In Section 3.1 we discussed the free particle. The simplest version of this animal is the plane wave, which is an eigenstate of both momentum and energy:

\[ \psi_k\left(x,t\right)=Ae^{i\left(kx-\omega t\right)} \;\;\; \Rightarrow \;\;\; \left\{ \begin{array}{l} \widehat p \;\psi_k\left(x,t\right) & = & -i\hbar \dfrac{d}{dx} \left[Ae^{-i\left(kx-\omega t\right)}\right] & = & \left(+\hbar k\right)\psi_k\left(x,t\right) \\ \widehat H \;\psi_k\left(x,t\right) & = & -\dfrac{\hbar^2}{2m} \dfrac{d^2}{dx^2} \left[Ae^{-i\left(kx-\omega t\right)}\right] & = & \left(\dfrac{\hbar^2 k^2}{2m}\right)\psi_k\left(x,t\right) \end{array} \right. \]

The next simplest version is an equal combination of two plane waves moving in opposite directions with equal magnitudes of momentum. This results in sine or cosine wave functions (thanks to the Euler identity), and while it is not an eigenstate of momentum (there are two possible momenta), it is nonetheless an eigenstate of energy:

\[ \psi_E\left(x,t\right)=\frac{1}{2}A\left[e^{i\left(kx-\omega t\right)}+e^{i\left(kx-\omega t\right)}\right] = A\cos kx\;e^{-i\omega t} \;\;\; \Rightarrow \;\;\; \left\{ \begin{array}{l} \widehat p \;\psi_E\left(x,t\right) & = & -i\hbar \dfrac{d}{dx} \left[A\cos kx\;e^{-i\omega t}\right] & \ne & \left(number\right)\psi_E\left(x,t\right) \\ \widehat H \;\psi_E\left(x,t\right) & = & -\dfrac{\hbar^2}{2m} \dfrac{d^2}{dx^2} \left[A\cos kx\;e^{-i\omega t}\right] & = & \left(\dfrac{\hbar^2 k^2}{2m}\right)\psi_E\left(x,t\right) \end{array} \right. \]

We made use of this solution for square wells, though the boundary conditions restricted the region over which it applied. We mentioned that in general a free particle can be a mix of many such plane waves, resulting in a state that is not an eigenstate of energy. For what follows, however, we will stay with energy eigenstates, but will not restrict ourselves to those that are symmetric – they will not be equal mixes of left-going and right-going plane waves. As usual, by restricting ourselves to energy eigenstates, we can safely ignore the time-dependent portion of the quantum phase.
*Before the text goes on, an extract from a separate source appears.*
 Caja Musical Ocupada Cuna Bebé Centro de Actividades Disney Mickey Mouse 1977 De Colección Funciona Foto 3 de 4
We are interested in the energy eigenstates that describe a plane wave free particle that encounters a sudden change in potential energy (for the purposes of this discussion, we'll say that it is an increase in potential, but importantly, the step is smaller than the energy of the particle). When the wave encounters this step, it's reasonable from our understanding of the behavior of waves to assume that some of the wave will be reflected backward, while some is transmitted forward. A picture you might have in your head for this physical situation is:

**Figure 3.5.1 – Step Potential Before/After Picture**

While this makes sense from a classical standpoint – moving objects "encounter" things in their travels all the time – it's a bit troublesome for quantum mechanics, as a plane wave occupies all values of \(x\) at once, so how can it be moving along the \(x\) direction? Put another way, we are seeking a *stationary state* solution, and this picture clearly shows a system evolving over time.
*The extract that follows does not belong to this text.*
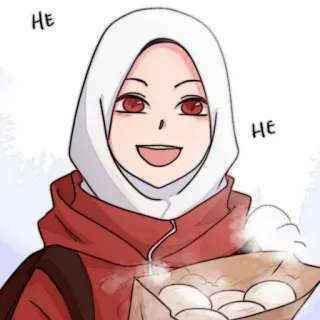 🧨 64fbb1a7 He He kartun, wanita, hijab, senyum, anime, perempuan, senang whatsapp sticker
We therefore are looking for a solution where the wave function is unchanging over all values of \(x\), but in practical terms we know that particles (which travel in wave packets of many energies rather than perfect plane waves) are localized, and therefore do really encounter changing potentials. What compromise can we reach in this regard? As stated above, any combination of plane waves going in both directions with the same momentum (or a given potential) will be an energy eigenstate, so how about is we restrict ourselves to only right-moving plane waves on the "transmitted" side of the step, and plane waves in both directions on the incident/reflected side? We can interpret this in our "real world" setting as a steady-state circumstance, where many particles are coming in, and some are reflected while others are transmitted, where the fractions of each are determined (mainly) by the relative amplitudes of the reflected and transmitted waves. The correct picture then becomes:

**Figure 3.5.2 – Step Potential Steady-State Picture**

Given the criteria that the energy of the state exceeds \(V_o\), three is the minimum number of wave functions that are possible. For example, it is neither possible to have all of the wave to be reflected, nor have all of the wave to be transmitted. It *is* possible to get a solution that includes a left-moving wave on the right of the step, but we have discarded these solutions to fit with our narrative that there is a steady source of incoming particles from the left.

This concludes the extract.